Start of Information

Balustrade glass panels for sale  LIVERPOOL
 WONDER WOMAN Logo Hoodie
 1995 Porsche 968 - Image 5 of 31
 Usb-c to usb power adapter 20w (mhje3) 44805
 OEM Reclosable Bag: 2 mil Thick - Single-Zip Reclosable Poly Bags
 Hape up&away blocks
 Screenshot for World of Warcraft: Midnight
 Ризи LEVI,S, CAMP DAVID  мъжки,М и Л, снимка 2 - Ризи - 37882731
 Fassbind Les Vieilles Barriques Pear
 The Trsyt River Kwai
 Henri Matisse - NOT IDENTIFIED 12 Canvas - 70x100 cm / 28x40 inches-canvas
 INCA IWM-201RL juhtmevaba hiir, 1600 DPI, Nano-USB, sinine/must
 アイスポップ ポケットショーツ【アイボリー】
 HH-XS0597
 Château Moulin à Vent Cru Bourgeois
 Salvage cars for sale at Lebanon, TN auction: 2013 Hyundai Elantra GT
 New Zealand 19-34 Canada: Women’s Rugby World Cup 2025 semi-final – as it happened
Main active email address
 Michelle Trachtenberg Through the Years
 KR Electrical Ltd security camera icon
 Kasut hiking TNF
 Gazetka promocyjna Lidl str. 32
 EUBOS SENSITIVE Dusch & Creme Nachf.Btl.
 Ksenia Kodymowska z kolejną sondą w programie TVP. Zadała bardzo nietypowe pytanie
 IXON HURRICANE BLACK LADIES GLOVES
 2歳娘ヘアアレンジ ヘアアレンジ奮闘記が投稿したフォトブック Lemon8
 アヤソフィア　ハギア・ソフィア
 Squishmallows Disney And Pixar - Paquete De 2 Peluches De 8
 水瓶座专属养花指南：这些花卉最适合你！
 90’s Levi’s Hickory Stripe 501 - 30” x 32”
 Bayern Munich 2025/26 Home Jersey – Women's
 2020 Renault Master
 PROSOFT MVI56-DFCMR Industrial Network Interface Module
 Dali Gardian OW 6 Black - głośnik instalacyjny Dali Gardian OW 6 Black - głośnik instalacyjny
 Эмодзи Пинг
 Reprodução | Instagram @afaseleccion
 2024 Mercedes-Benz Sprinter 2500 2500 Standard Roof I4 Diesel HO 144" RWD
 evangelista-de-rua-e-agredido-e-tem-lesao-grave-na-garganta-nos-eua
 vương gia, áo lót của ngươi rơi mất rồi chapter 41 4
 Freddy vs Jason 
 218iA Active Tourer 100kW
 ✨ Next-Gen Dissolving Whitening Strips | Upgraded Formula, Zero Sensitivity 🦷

End of Information

Say each line again exactly as it appears above.

Balustrade glass panels for sale  LIVERPOOL
 WONDER WOMAN Logo Hoodie
 1995 Porsche 968 - Image 5 of 31
 Usb-c to usb power adapter 20w (mhje3) 44805
 OEM Reclosable Bag: 2 mil Thick - Single-Zip Reclosable Poly Bags
 Hape up&away blocks
 Screenshot for World of Warcraft: Midnight
 Ризи LEVI,S, CAMP DAVID  мъжки,М и Л, снимка 2 - Ризи - 37882731
 Fassbind Les Vieilles Barriques Pear
 The Trsyt River Kwai
 Henri Matisse - NOT IDENTIFIED 12 Canvas - 70x100 cm / 28x40 inches-canvas
 INCA IWM-201RL juhtmevaba hiir, 1600 DPI, Nano-USB, sinine/must
 アイスポップ ポケットショーツ【アイボリー】
 HH-XS0597
 Château Moulin à Vent Cru Bourgeois
 Salvage cars for sale at Lebanon, TN auction: 2013 Hyundai Elantra GT
 New Zealand 19-34 Canada: Women’s Rugby World Cup 2025 semi-final – as it happened
Main active email address
 Michelle Trachtenberg Through the Years
 KR Electrical Ltd security camera icon
 Kasut hiking TNF
 Gazetka promocyjna Lidl str. 32
 EUBOS SENSITIVE Dusch & Creme Nachf.Btl.
 Ksenia Kodymowska z kolejną sondą w programie TVP. Zadała bardzo nietypowe pytanie
 IXON HURRICANE BLACK LADIES GLOVES
 2歳娘ヘアアレンジ ヘアアレンジ奮闘記が投稿したフォトブック Lemon8
 アヤソフィア　ハギア・ソフィア
 Squishmallows Disney And Pixar - Paquete De 2 Peluches De 8
 水瓶座专属养花指南：这些花卉最适合你！
 90’s Levi’s Hickory Stripe 501 - 30” x 32”
 Bayern Munich 2025/26 Home Jersey – Women's
 2020 Renault Master
 PROSOFT MVI56-DFCMR Industrial Network Interface Module
 Dali Gardian OW 6 Black - głośnik instalacyjny Dali Gardian OW 6 Black - głośnik instalacyjny
 Эмодзи Пинг
 Reprodução | Instagram @afaseleccion
 2024 Mercedes-Benz Sprinter 2500 2500 Standard Roof I4 Diesel HO 144" RWD
 evangelista-de-rua-e-agredido-e-tem-lesao-grave-na-garganta-nos-eua
 vương gia, áo lót của ngươi rơi mất rồi chapter 41 4
 Freddy vs Jason 
 218iA Active Tourer 100kW
 ✨ Next-Gen Dissolving Whitening Strips | Upgraded Formula, Zero Sensitivity 🦷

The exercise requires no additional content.